Down to the last line, transcribe the records verbatim and exclude the images.
Start of The data
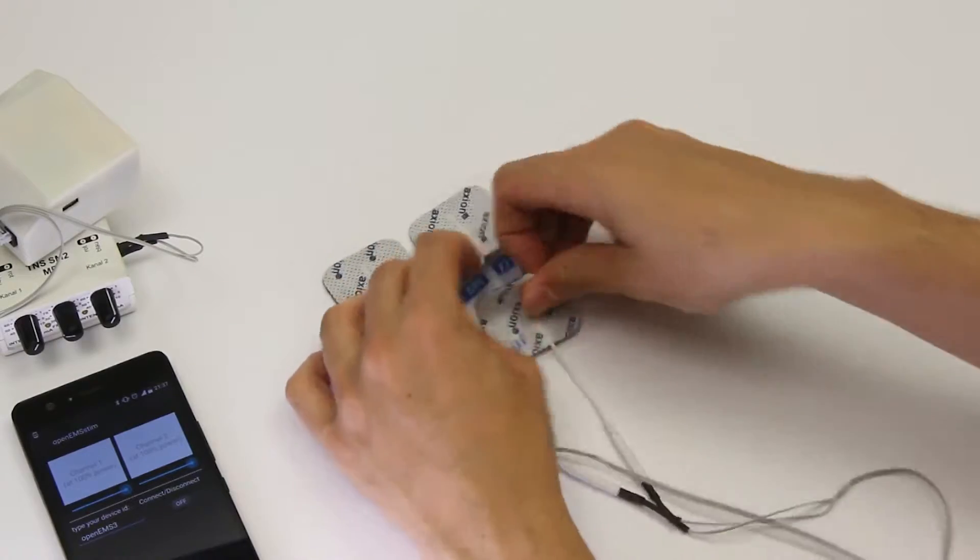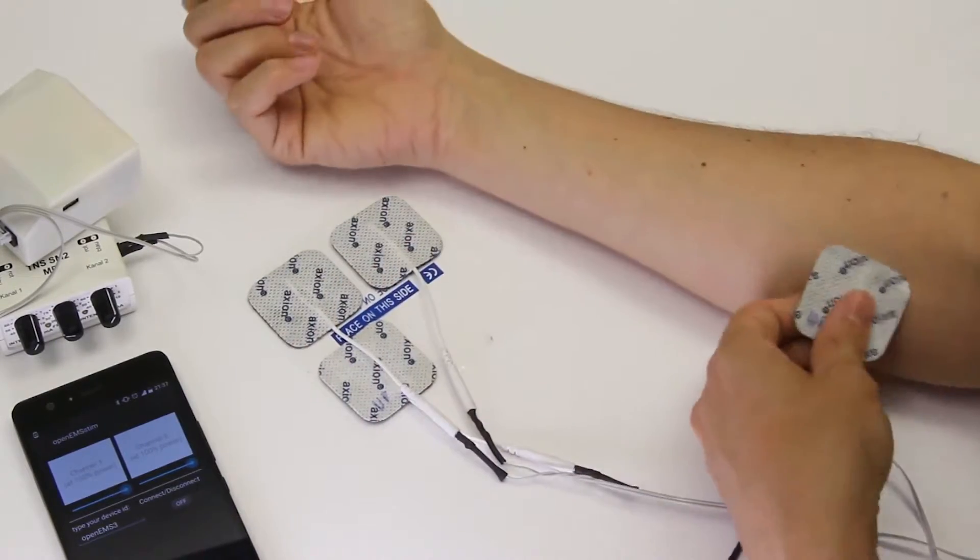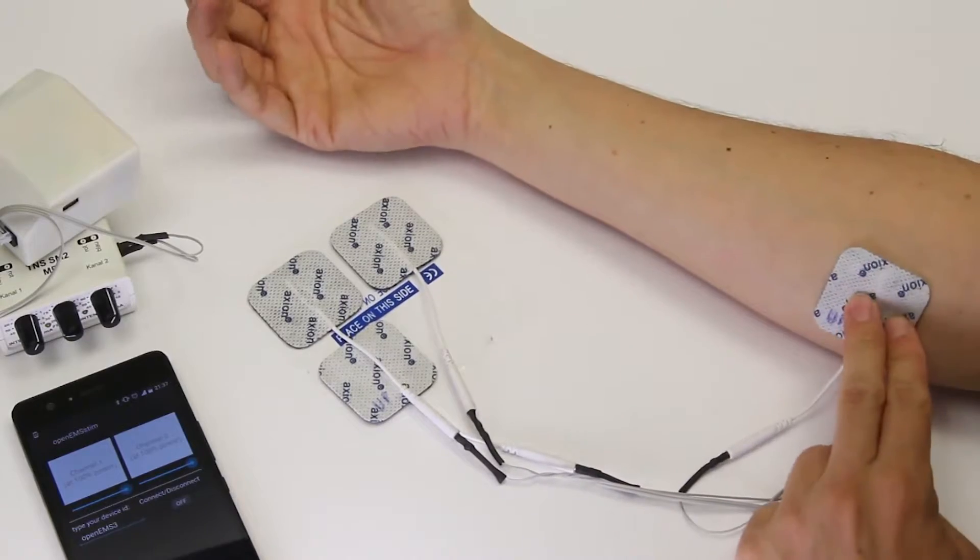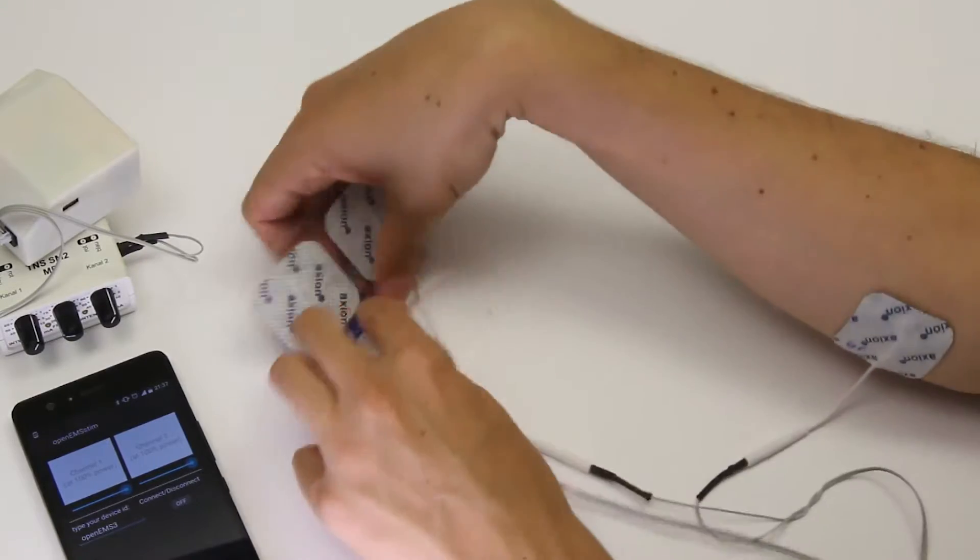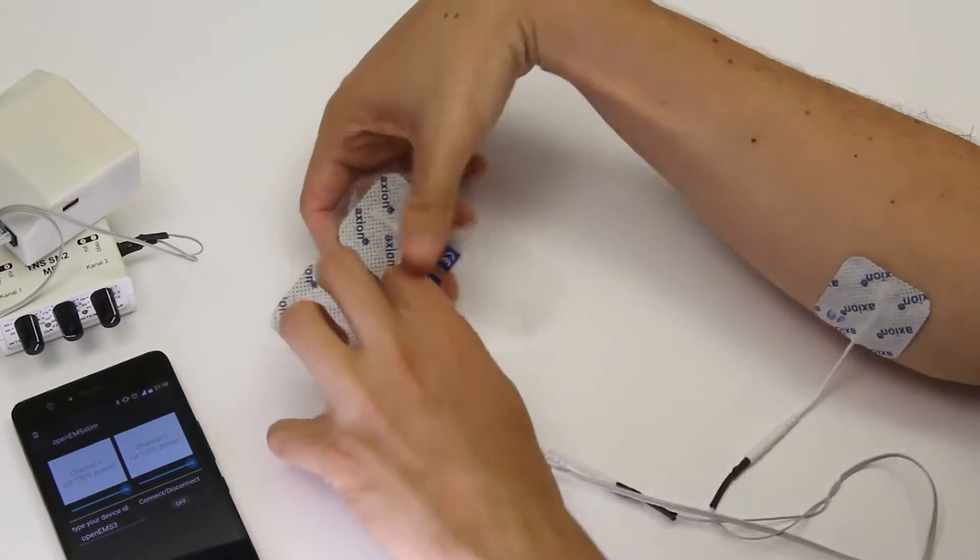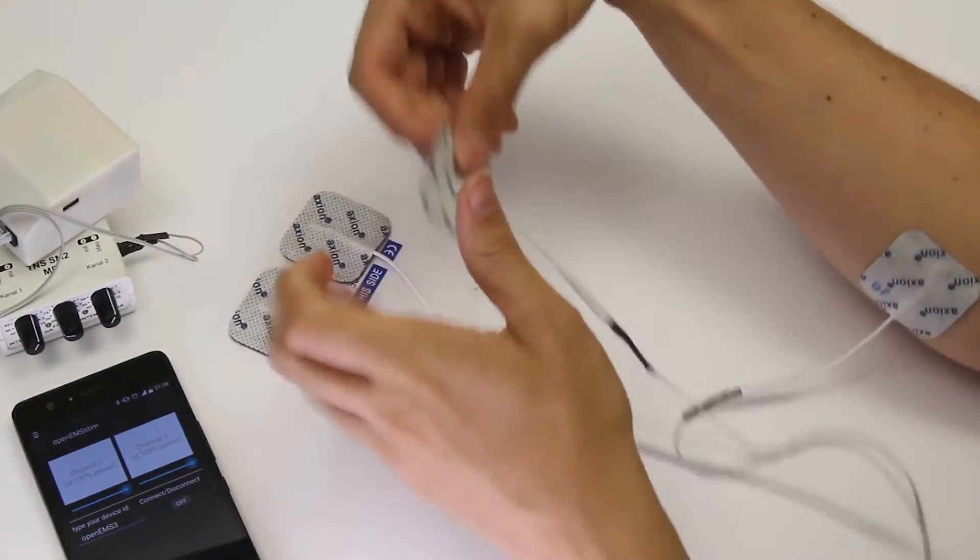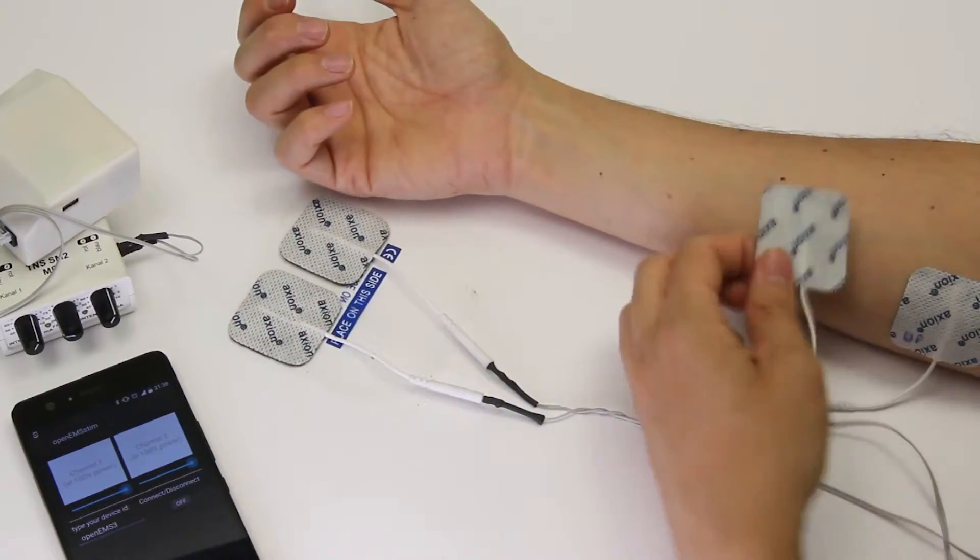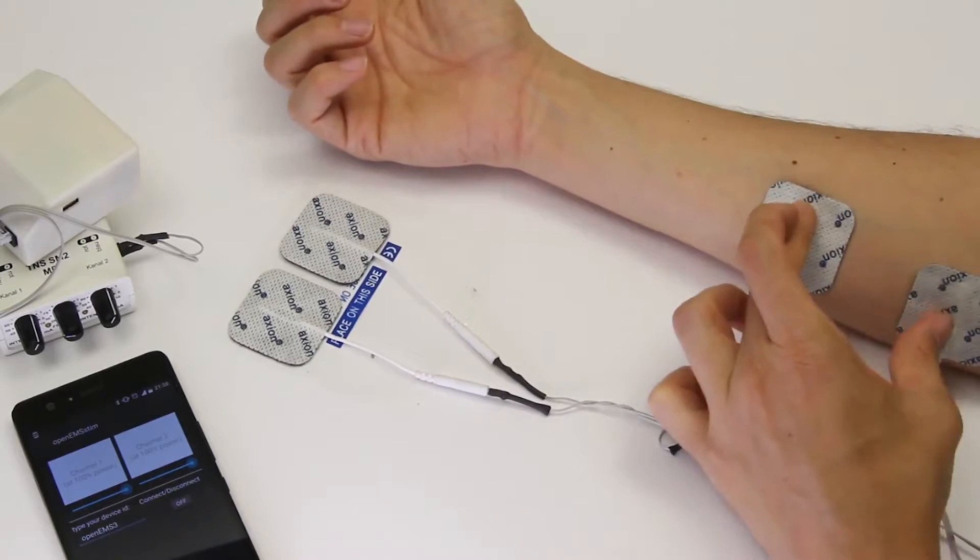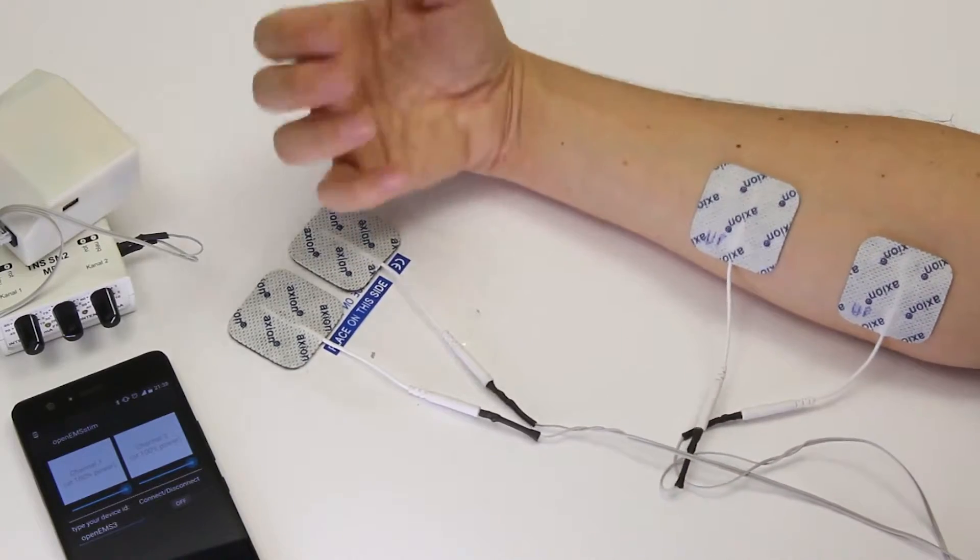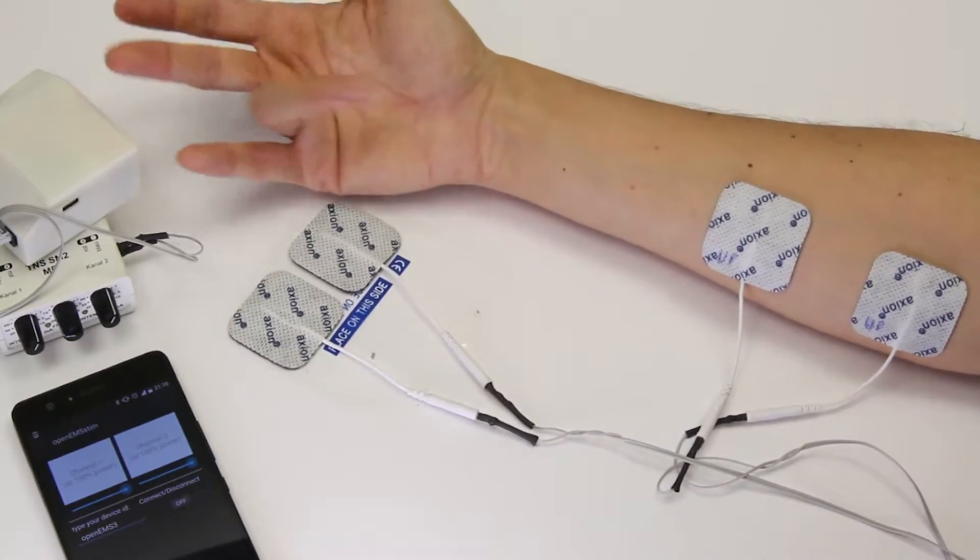So one electrode on the base of the muscle, of the palm flexor, and just two or three fingers away slightly more upwards you're going to place the second electrode. That's the muscle that moves the palm inwards, actually moves the wrist but also moves that finger muscle there.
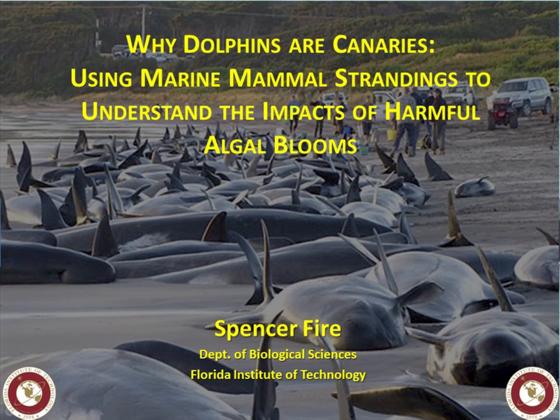Welcome everybody. My name is Spencer Fire and I'll be giving a presentation today about some of the work I'm doing here at Florida Institute of Technology. I'm faculty in the Department of Biological Sciences, and I've got one of my graduate students here with me. The presentation should run roughly 40-45 minutes, and then we'll go right into answering questions afterwards.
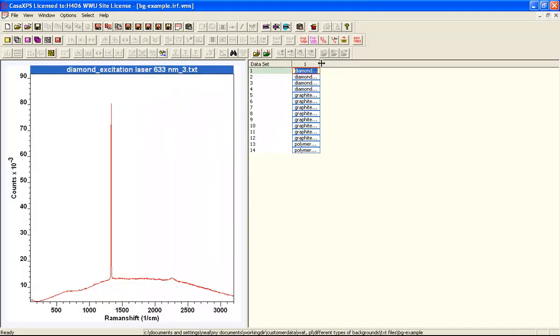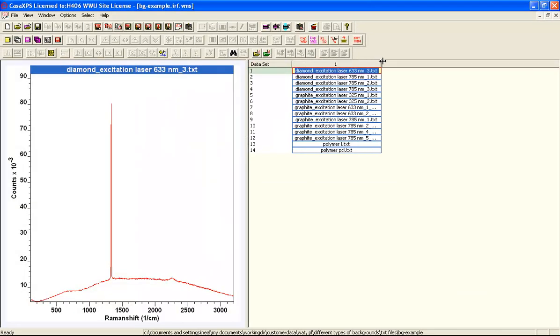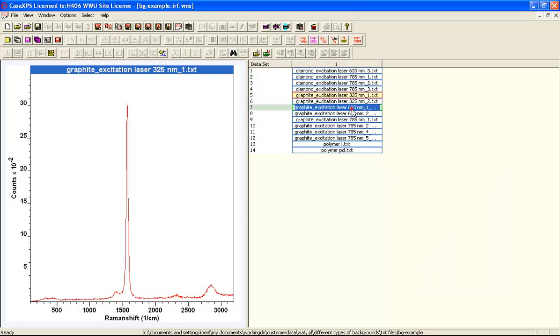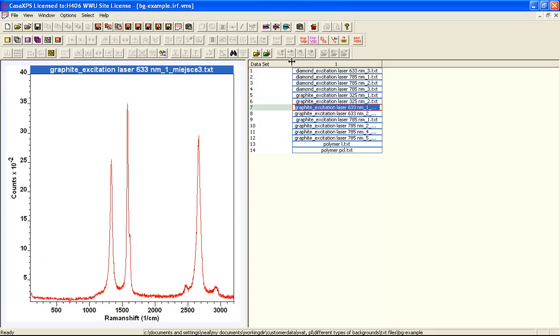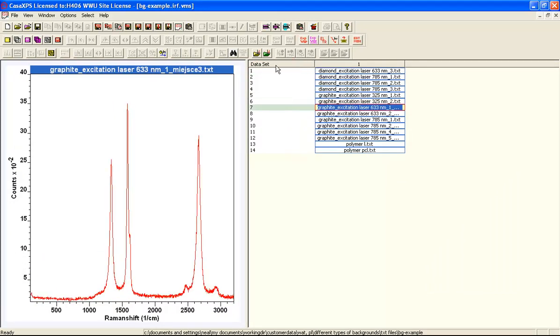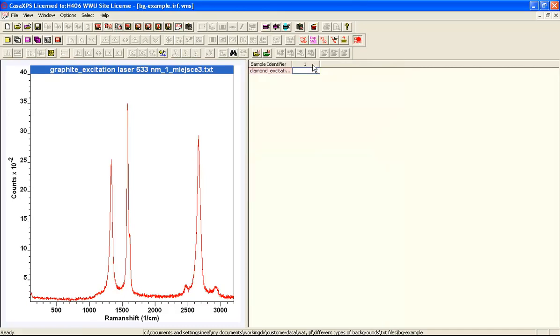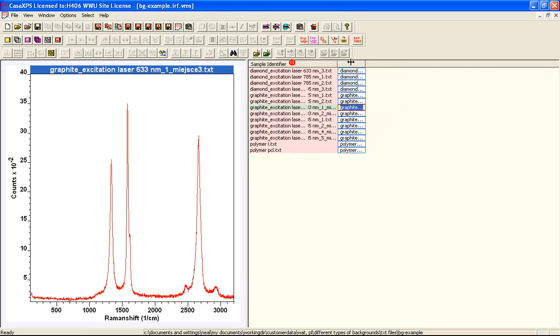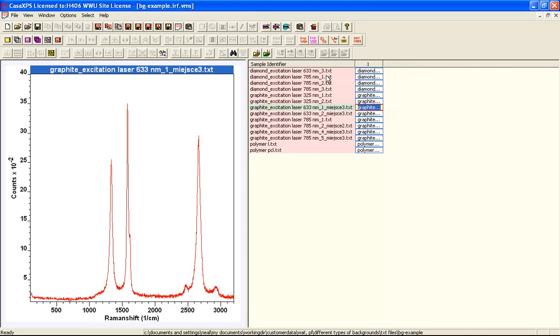So here we see the new VAMAS file. These are the VAMAS blocks containing the spectra. And each one is assigned a dataset index, and the sample identifier will similarly be set to the file name that was used to collect the data.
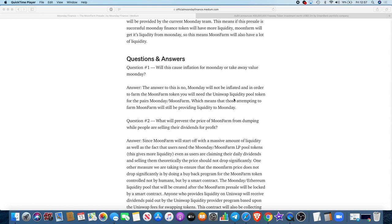Questions and answers. Will this cause inflation for Moon Day or take away value of Moon Day? The answer is no. Moon Day will not be inflated. In order to farm the Moon Farm token, you will need the Uniswap liquidity pool token for the pairs Moon Day-Moon Farm, which means that those attempting to farm Moon Farm will still be providing liquidity to Moon Day.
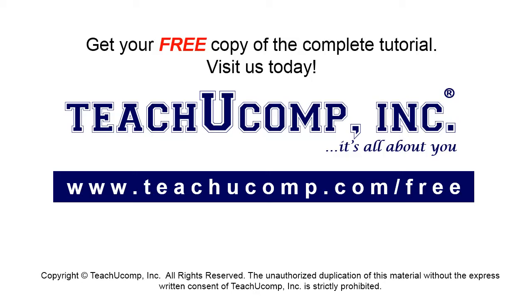Get your free copy of the complete tutorial at www.teachucomp.com/free.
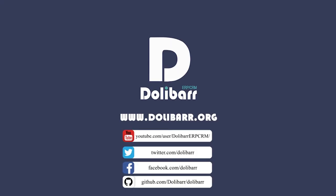Thank you for watching this video tutorial. Visit www.dolibar.org to learn more.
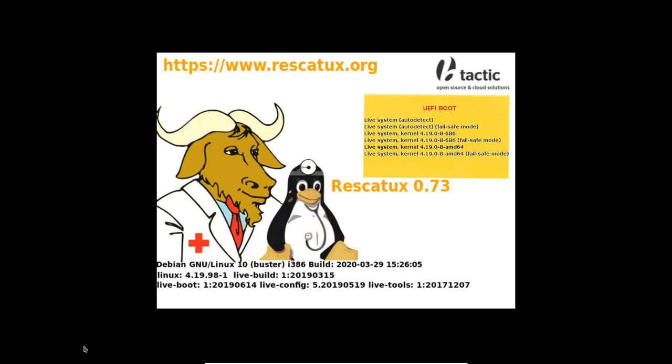You can choose AMD64 for new computers or you can choose 686 for older computers, but your best choice is just to press enter on the auto-detect entry.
End of The data
→ Completed task
So one electrode on the base of the muscle, of the palm flexor, and just two or three fingers away slightly more upwards you're going to place the second electrode. That's the muscle that moves the palm inwards, actually moves the wrist but also moves that finger muscle there.
Welcome everybody. My name is Spencer Fire and I'll be giving a presentation today about some of the work I'm doing here at Florida Institute of Technology. I'm faculty in the Department of Biological Sciences, and I've got one of my graduate students here with me. The presentation should run roughly 40-45 minutes, and then we'll go right into answering questions afterwards.
So here we see the new VAMAS file. These are the VAMAS blocks containing the spectra. And each one is assigned a dataset index, and the sample identifier will similarly be set to the file name that was used to collect the data.
Questions and answers. Will this cause inflation for Moon Day or take away value of Moon Day? The answer is no. Moon Day will not be inflated. In order to farm the Moon Farm token, you will need the Uniswap liquidity pool token for the pairs Moon Day-Moon Farm, which means that those attempting to farm Moon Farm will still be providing liquidity to Moon Day.
Get your free copy of the complete tutorial at www.teachucomp.com/free.
Thank you for watching this video tutorial. Visit www.dolibar.org to learn more.
You can choose AMD64 for new computers or you can choose 686 for older computers, but your best choice is just to press enter on the auto-detect entry.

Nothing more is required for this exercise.